* [Task description]:
Copy the listing below exactly, but skip the pictures.

* [Supplied information]:

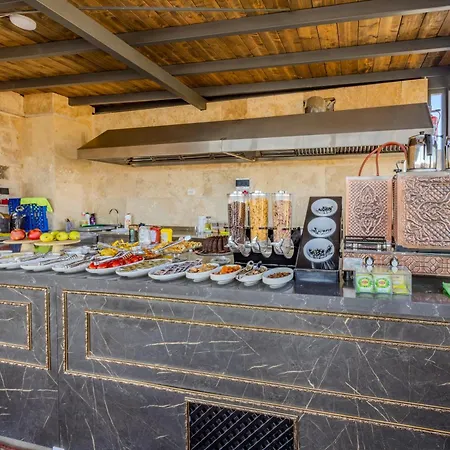 Hotel Latona Stone Palace *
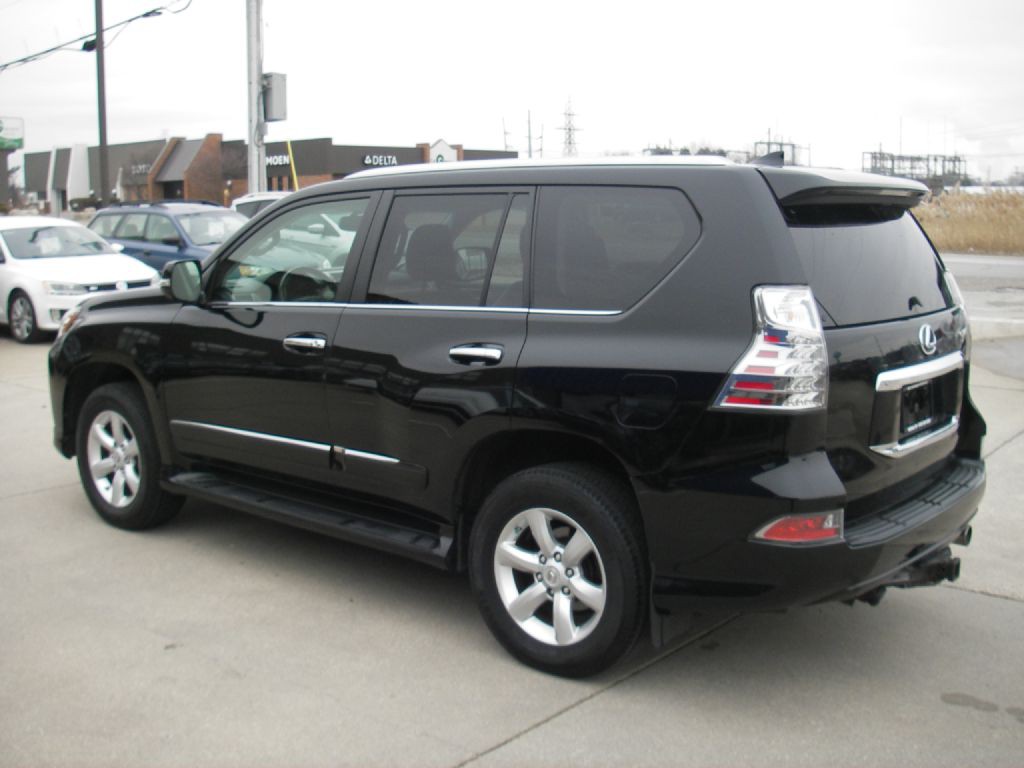 2016 Lexus GX Image 9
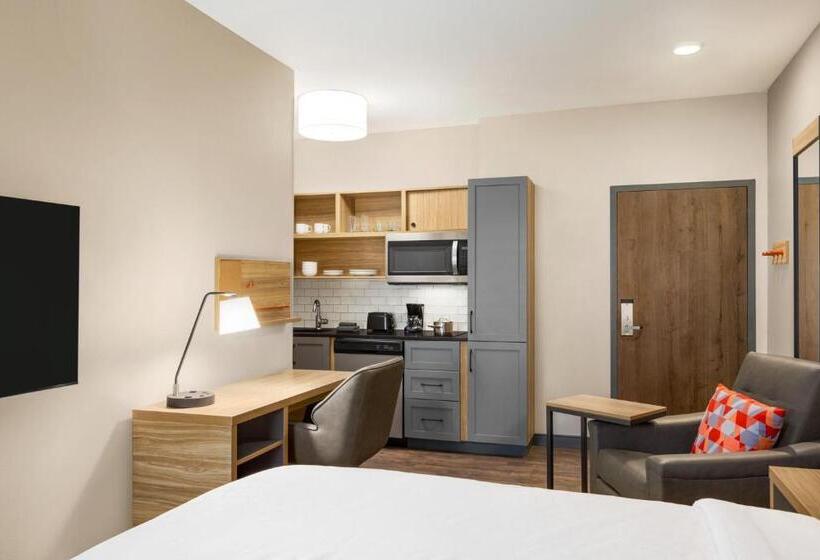 هتل Candlewood Suites Mcpherson, An Ihg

* [Response box]:
 Hotel Latona Stone Palace *
 2016 Lexus GX Image 9
 هتل Candlewood Suites Mcpherson, An Ihg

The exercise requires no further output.